● **REQUIRED WORK**
Every line below from the one containing "Queenpurpfree OnlyFans creator" through the one containing "在補習班學習的小學生和老師 101066395" must be transcribed exactly. Omit all lines outside that stretch.

(Dataset excerpts)
************

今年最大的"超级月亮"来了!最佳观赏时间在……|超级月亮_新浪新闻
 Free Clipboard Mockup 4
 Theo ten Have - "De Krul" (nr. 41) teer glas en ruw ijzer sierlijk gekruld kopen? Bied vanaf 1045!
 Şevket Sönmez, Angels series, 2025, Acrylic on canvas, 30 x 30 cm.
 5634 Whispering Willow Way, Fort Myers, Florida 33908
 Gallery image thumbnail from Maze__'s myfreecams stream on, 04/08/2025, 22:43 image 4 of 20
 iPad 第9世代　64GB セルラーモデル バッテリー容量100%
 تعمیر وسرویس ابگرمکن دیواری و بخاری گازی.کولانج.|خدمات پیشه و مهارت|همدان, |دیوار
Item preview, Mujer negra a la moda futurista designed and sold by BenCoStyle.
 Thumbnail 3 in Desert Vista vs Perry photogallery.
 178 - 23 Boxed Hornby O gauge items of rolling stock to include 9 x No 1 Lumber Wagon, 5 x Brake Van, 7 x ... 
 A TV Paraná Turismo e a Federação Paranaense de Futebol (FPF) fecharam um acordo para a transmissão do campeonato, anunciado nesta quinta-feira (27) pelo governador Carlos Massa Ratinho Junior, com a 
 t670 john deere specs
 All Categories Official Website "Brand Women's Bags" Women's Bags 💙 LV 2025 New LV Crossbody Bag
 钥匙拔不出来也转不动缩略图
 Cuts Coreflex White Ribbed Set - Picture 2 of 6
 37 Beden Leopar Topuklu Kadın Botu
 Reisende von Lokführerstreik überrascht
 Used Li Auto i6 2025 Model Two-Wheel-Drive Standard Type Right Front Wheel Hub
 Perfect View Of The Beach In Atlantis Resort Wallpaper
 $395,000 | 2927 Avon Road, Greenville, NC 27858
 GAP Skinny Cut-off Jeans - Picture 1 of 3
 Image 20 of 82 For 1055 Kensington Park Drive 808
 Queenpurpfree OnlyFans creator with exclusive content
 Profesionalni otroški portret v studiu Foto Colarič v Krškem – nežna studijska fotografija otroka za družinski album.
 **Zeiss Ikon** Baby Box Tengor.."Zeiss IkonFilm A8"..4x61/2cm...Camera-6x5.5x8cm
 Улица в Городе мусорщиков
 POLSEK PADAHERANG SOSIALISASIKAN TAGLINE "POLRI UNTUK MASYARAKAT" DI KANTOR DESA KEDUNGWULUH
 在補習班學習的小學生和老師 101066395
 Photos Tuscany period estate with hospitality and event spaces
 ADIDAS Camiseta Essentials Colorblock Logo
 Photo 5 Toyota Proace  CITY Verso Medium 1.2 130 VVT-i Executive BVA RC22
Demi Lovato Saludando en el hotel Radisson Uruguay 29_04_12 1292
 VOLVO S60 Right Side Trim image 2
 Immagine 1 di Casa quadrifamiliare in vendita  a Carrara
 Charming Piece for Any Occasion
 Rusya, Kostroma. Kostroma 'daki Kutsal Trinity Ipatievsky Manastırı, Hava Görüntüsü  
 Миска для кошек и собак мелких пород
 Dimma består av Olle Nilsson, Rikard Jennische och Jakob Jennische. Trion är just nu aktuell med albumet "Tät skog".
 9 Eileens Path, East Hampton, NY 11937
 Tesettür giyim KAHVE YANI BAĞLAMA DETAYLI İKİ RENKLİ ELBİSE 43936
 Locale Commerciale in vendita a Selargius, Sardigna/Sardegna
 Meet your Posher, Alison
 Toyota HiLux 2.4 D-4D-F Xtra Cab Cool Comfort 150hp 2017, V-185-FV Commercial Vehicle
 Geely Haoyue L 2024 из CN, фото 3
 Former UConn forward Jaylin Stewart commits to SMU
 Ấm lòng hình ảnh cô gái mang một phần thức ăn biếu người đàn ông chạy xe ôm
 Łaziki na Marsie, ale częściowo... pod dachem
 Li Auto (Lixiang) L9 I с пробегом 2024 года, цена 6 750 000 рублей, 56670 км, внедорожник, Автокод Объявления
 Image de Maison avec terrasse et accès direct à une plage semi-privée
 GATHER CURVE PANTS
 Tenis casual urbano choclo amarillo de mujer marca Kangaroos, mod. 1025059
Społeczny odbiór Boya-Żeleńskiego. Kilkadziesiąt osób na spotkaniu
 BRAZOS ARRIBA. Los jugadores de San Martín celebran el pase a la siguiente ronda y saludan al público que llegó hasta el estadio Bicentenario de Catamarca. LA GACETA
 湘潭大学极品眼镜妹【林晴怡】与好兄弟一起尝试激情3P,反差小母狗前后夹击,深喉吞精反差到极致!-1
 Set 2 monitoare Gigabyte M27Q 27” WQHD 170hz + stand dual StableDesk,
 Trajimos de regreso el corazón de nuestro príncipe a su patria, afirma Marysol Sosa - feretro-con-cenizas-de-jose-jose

************

● **WRITTEN SOLUTION**
 Queenpurpfree OnlyFans creator with exclusive content
 Profesionalni otroški portret v studiu Foto Colarič v Krškem – nežna studijska fotografija otroka za družinski album.
 **Zeiss Ikon** Baby Box Tengor.."Zeiss IkonFilm A8"..4x61/2cm...Camera-6x5.5x8cm
 Улица в Городе мусорщиков
 POLSEK PADAHERANG SOSIALISASIKAN TAGLINE "POLRI UNTUK MASYARAKAT" DI KANTOR DESA KEDUNGWULUH
 在補習班學習的小學生和老師 101066395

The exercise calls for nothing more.